"Although there is a strong case for TDG and Salvesen to merge, the combined company would still be mainly UK-focused, with relatively limited basis for growth in mainland Europe," says Datamonitor logistics analyst, Tom Mills. "This could prove a drawback in a sector where geographical coverage is needed to serve multinational clients and regional supply chains."
Salvesen and TDG are respectively the third and fourth largest logistics companies in the UK. Although a merger would merely create a larger third-placed player behind Exel and Wincanton, a merged company would benefit from increased scale and cost savings.
The Salvesen family controls 30% of Salvesen's stock and has fended off several takeover bids. However, they are thought to be unlikely to oppose a merger. The company's other shareholders would doubtless be keen for a deal after repeated profit warnings that have weakened Salvesen's market value.
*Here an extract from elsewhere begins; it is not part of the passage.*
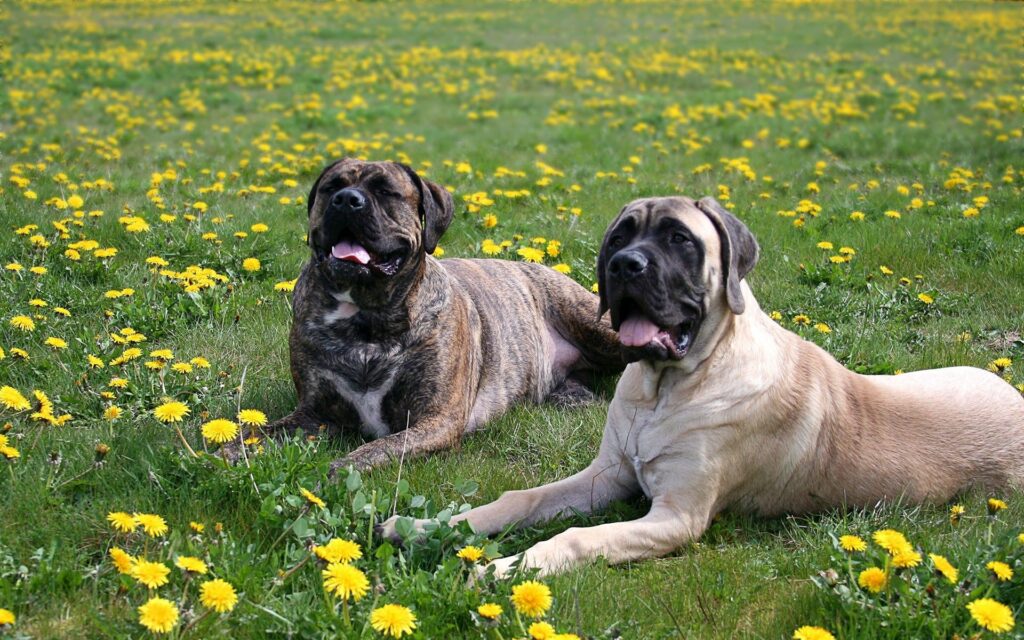 Serene 1920x1200 Wallpaper: Two Dogs on Grassy Field with Flowers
Most observers agree the deal would make sense in a market where size is an increasingly important factor in competing for the most valuable customers.
TDG's move may encourage other European players to consider a rival offer for Salvesen. Deutsche Post World Net, for instance, has set the pace for consolidation in the European logistics sector with a series of major acquisitions. But it still lacks a significant presence in the large UK market. It is thought, however, that the Salvesen family may be more receptive to a merger than a takeover.